Download and print our hood/cape pattern, then tile and tape the pieces together, then cut out the patten pieces and arrange them as shown on a folded piece of thick coat fabric (fold is along top edge in photo)

Trace around the edge of the pattern with tailor’s chalk, then also trace a seam allowance outside that line 1/4″ to 5/8″ or more depending on your preference.

Cut out pattern pieces and flip them over. Unpin the paper pattern and flip it over too, using it to trace its shape onto the other side of the folded fabric (so each fabric piece has a full pattern perimeter traced). This makes it easier to sew in the right place!

Pin shoulder seams and darts together and stitch, removing pins as you go.

Pin the hood and cape pieces together along the neckline, starting with the center back crease. Machine stitch along the seam and remove pins as you go.

To finish the hood, fold with top edges aligned, right sides together, and stitch the seam.

Cut out a round piece of translucent fabric to use for the face panel, roughly the same size as the hood opening.

3D Printed Battery Pocket

Print a sew-on pocket for your lipoly battery! The pocket protects the battery from abuse and also makes it easy to remove the battery for charging. It’s not strictly necessary, though, but bare lipoly batteries can be risky, so unless you protect it in some way, we recommend using a hard shell alkaline pack like the 3xAAA holder.

TPE Flexible Filament

The battery pocket works best when printed in flexible material like Ninjaflex or Semiflex. This material requires a direct-drive extruder system and can be challenging to print. We recommend Semiflex because it handles overhangs better than Ninjaflex, and has a shell hardness (98A).
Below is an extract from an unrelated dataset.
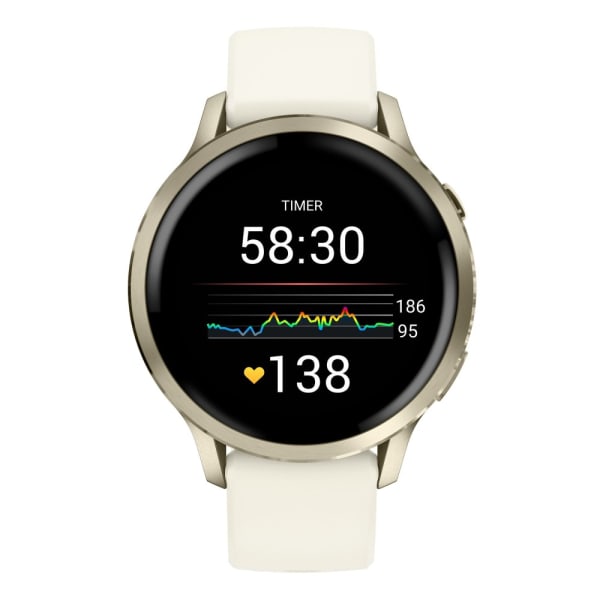 Garmin Venu 4 — 41 мм Lunar Gold / Bone — 3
Follow the print settings below for best results.

Printing speed30mm/sec
Raft / Support MaterialOFF
Extruder Temperature220-230c
Heated Bed20-50c (if applicable)

The part should be centered on the print bed and ready to print “as-is”. We recommend using CURA, or Simplify3D to slice the file.

Final Assembly

Fold over a 1/2″ seam along the front edge of the hood and thread in a long piece of galvanized wire (we’re using 19awg). Twist the ends and stitch them down to anchor the wire. This wire gives structure to the hood and helps support the weight of the face panel.

Try on the hood and decide where you want the face panel to be, then pin and sew it in place by hand with a few tack stitches, or run it through the sewing machine.
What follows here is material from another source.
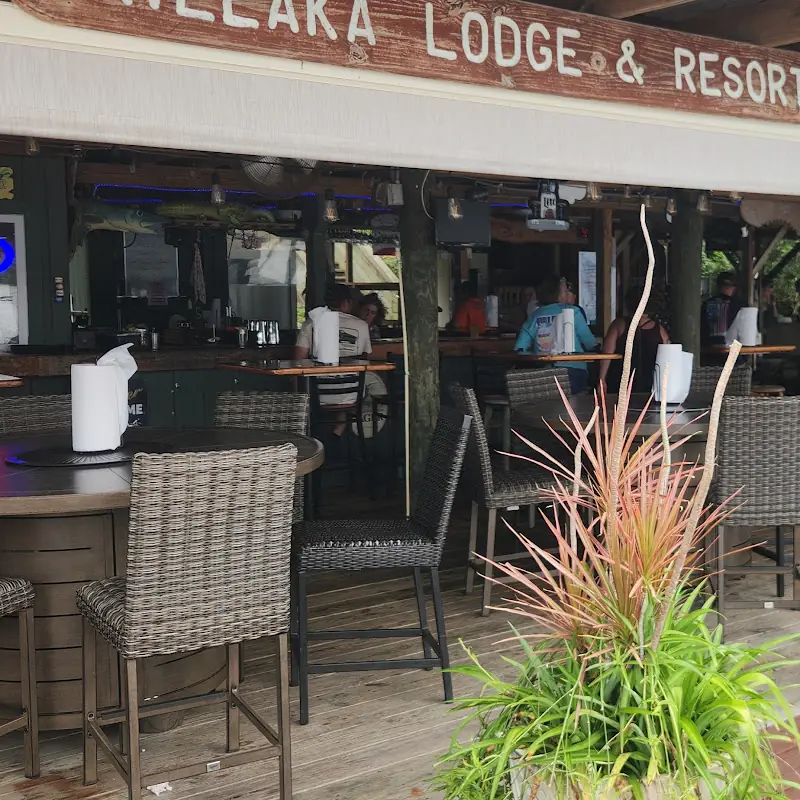 Boat Bar Welaka Lodge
Once the face panel is in place, try the hood on again to find the placement of the eyes. Hand stitch them in place using the mounting holes on the PCB.

Stitch through unused holes on GEMMA to affix it to the inside of the cape’s lapel. Stitch the battery holder near GEMMA and insert the 500mAh rechargeable lipoly battery.

Wear it!

Enjoy your spooky new costume! We hope this serves as a jumping off point for your own project. Dress it up, dress it down, change the fabric and LED color– the posibilities are numerous!

It’s pretty easy to see out of the translucent face panel, and to remove the hood for eating/drinking.